集団的自衛権に限定的なら賛成する人が少なくないのは、現状の自衛隊の活動の制限がきつすぎると感じている人も多いためでしょう。
PKO 派遣で武装できないとか、南スーダンで韓国軍に弾薬の提供をしたら非難されたり、邦人の救出のために自衛隊機を派遣できずトルコに運んでもらったなどなど。
もちろん、それらは集団的自衛権とは無関係なのですが、現状は変えなくてはいけないという意識が高まっているのだと思います。
そういう意識を上手に解消できないままだったから、真面目な議論をできず、質の悪い結果に結びついてしまったんじゃないでしょうかね。
また、自衛隊員(日本人)が死ぬこと、殺すことになるということを理由に集団的自衛権に反対するのは、あまりにも内向きすぎですよ。(個別的自衛権で命の遣り取りをするのは構わないの?)

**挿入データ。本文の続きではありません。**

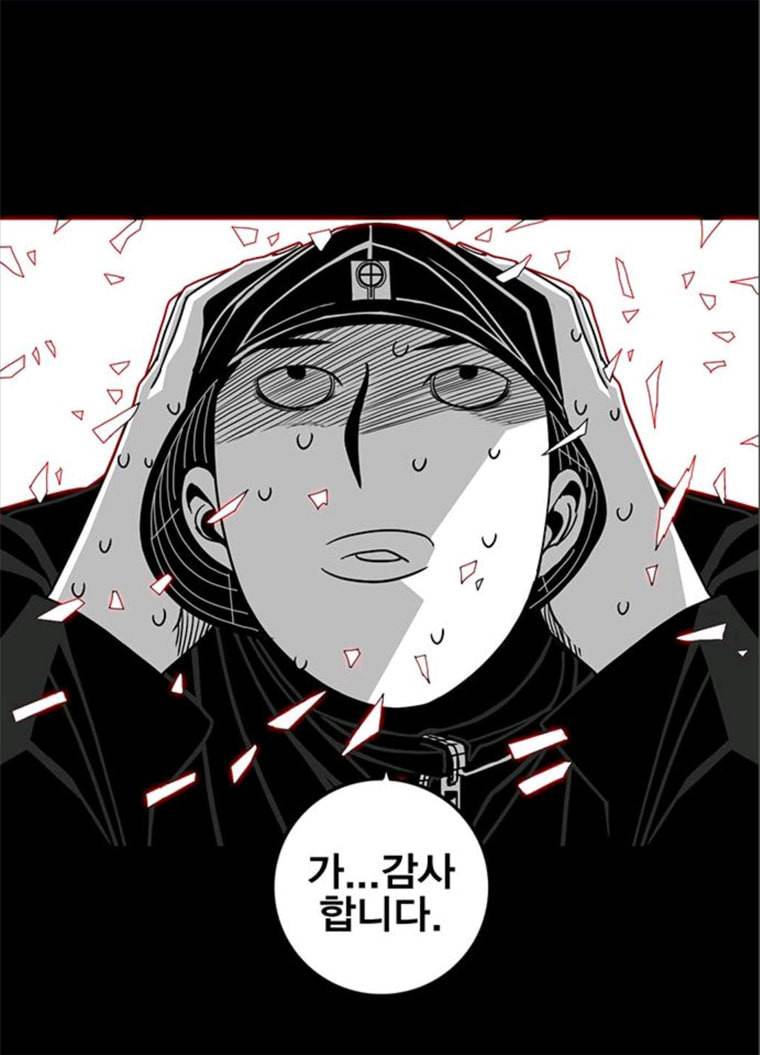 신도림 시즌2 82. 재 회 3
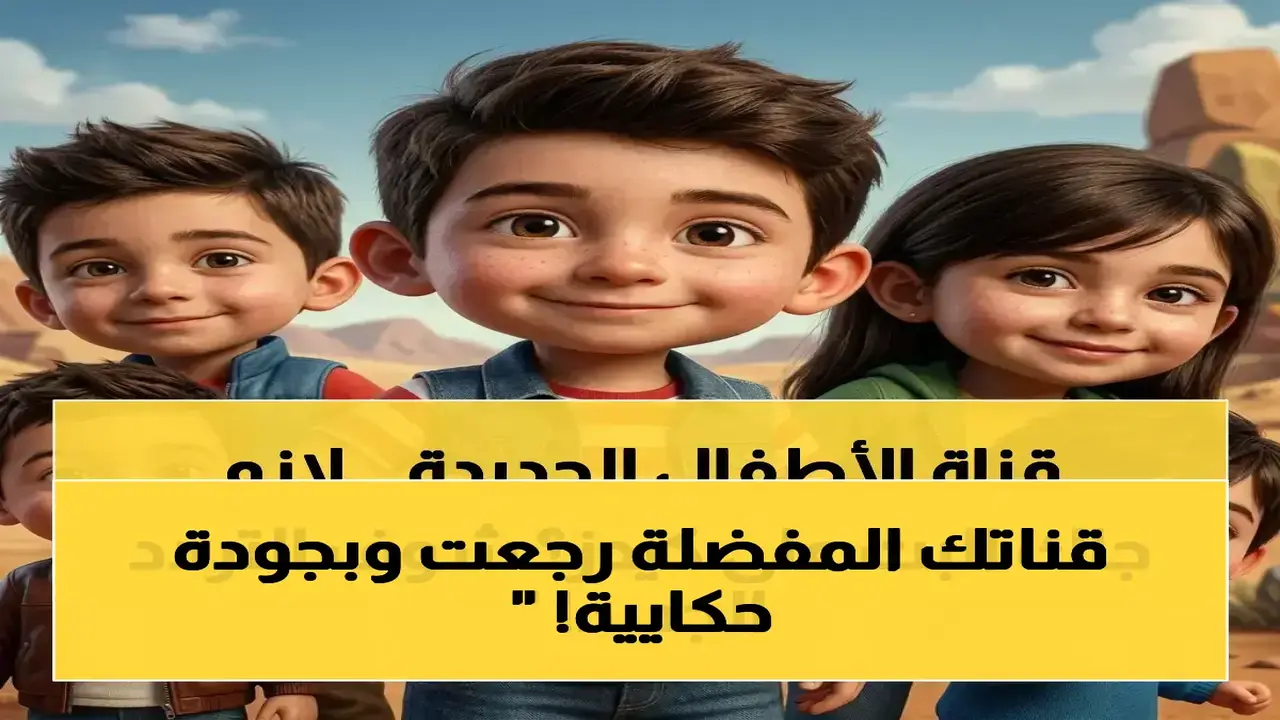 تردد قناة كيدز 5 الجديد بجودة HD على نايل سات يثير اهتمام المشاهدين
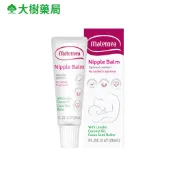 媽咪莉娜 乳尖修護膏20ml [新舊包裝隨機出貨] 大樹藥局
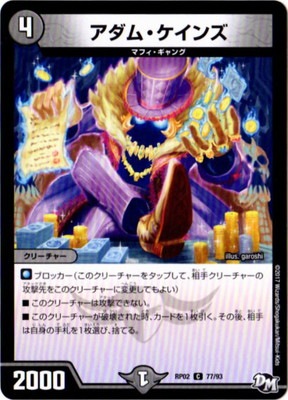 ��2��/DMRP-02/77/C/�����ࡦ������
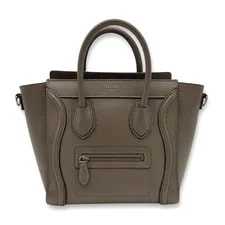 Celine : Luggage Shopper Greige W20H19D9.5cm W/strap; 2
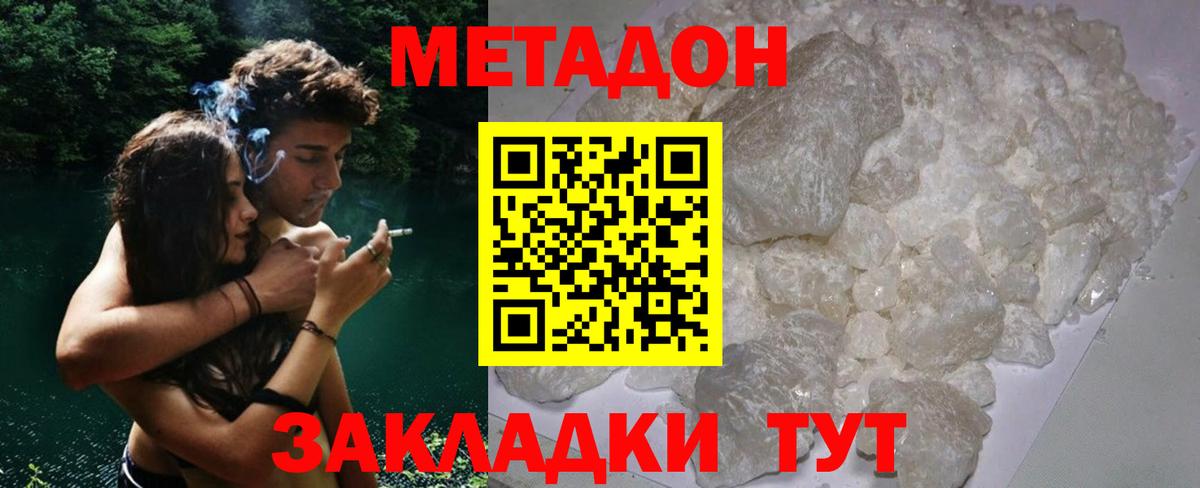 МЕТАДОН белоснежный  Вход с VPN  Энгельс 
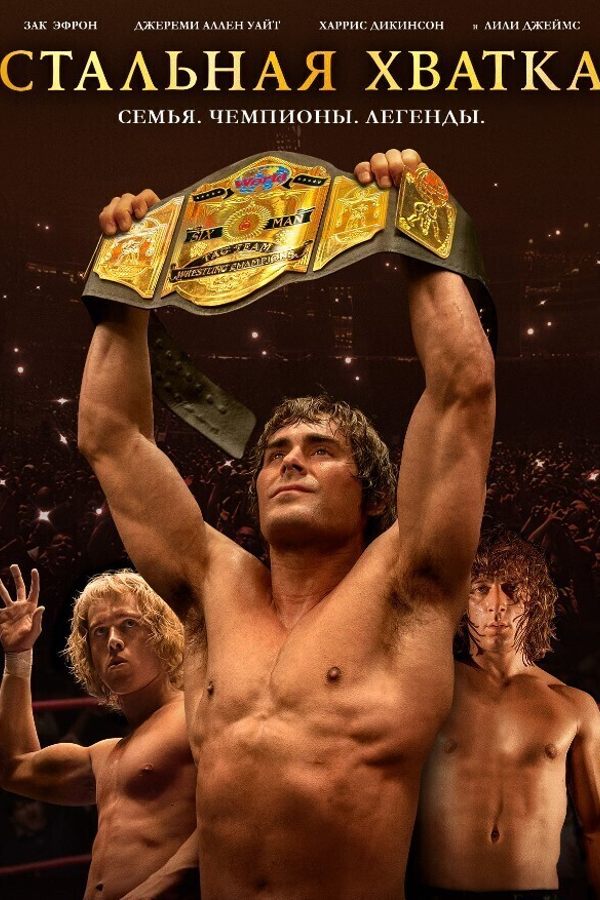 Стальная хватка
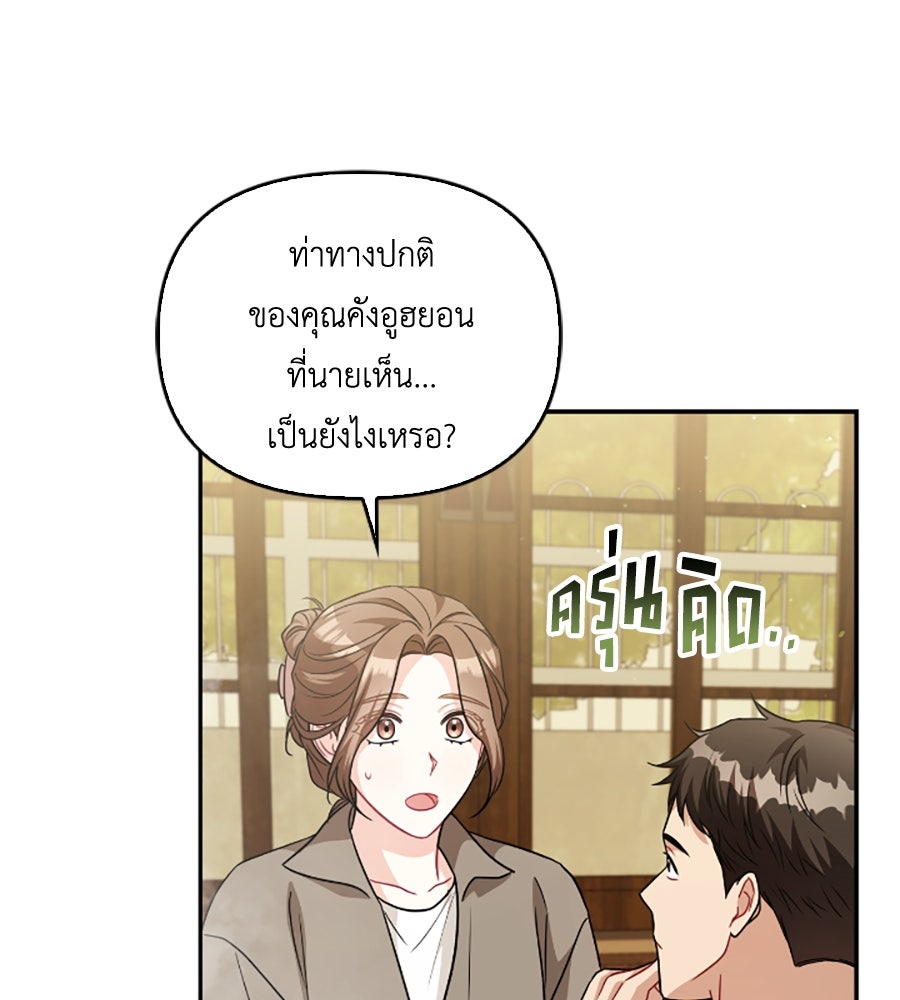 บอกเลิกผิดชีวิตเปลี่ยน - หน้า 39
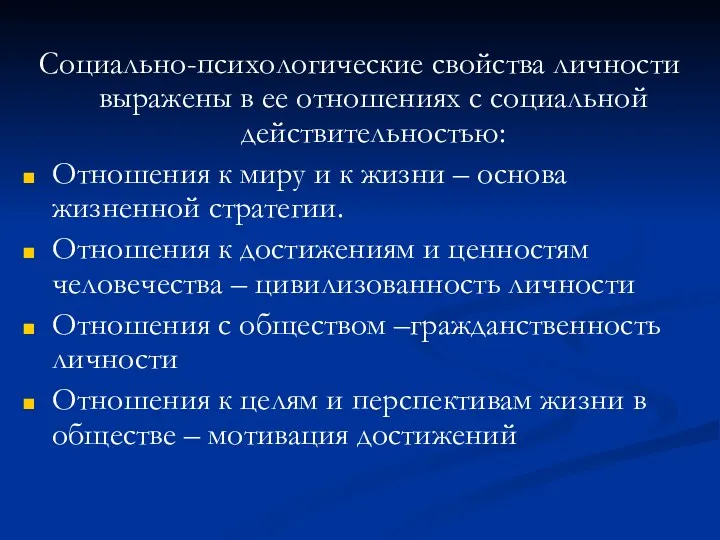 Социально-психологические свойства личности выражены в ее отношениях с социальной действительностью:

それと、中国については、中国だって、いきなりミサイルを撃ちこんだり、上陸作戦を始めることは無いわけで、当面は日本を経済面での困窮化させようとするでしょう。
原発を止め、化石燃料への依存度を高め、燃料の輸入航路である南シナ海制海権を握り、中国国籍の持ち主を日本に送り込む(外国人研修生制度の拡大)。
意図的にやっているのか、たまたま、そうなったのか知りませんが、日本の安定性が損なわれつつ有ることは間違いないでしょう。
70年間、日本で戦争は無かったのだから現状で良いというのは、大事故は起きてないから原発は安全だと言っていたのと同じだと思う。



追記

森田実の言わねばならぬ

A君も含めて多くの人が、7月1日の閣議決定は「集団的自衛権の行使を容認したものだ」と思い込んでいます。これは問題です。
 たとえば、7月1日の閣議決定の全文を報道した『朝日新聞』(7月2日朝刊5面)の見出しは「集団的自衛権の行使を容認する閣議決定(全文)」と、わざわざ囲みをつけて「全文」を報道しました。これを見れば、読者は、7月1日の閣議決定のタイトルがこれだと思うでしょう。しかし、これは朝日新聞社の編集者が勝手に付けたものなのです。
 閣議決定のタイトルは次のようになっています。
 「国の存立を全うし、国民を守るための切れ目のない安全保障法制の整備について 2014年7月1日 国家安全保障会議決定 閣議決定」です。
(略)
 「集団的自衛権容認」論者は、専守防衛の基本方針を変更することを主張していました。しかし、7月1日の閣議決定により、専守防衛日本国憲法を守る方針は維持されることになりました。安倍首相ブレーンの集まりだった安保法制懇は敗北して去りました。公明党の平和の論理が勝利した結果、安保法制懇は消えたのです。「限定」の意味はきわめて大きいものなのです。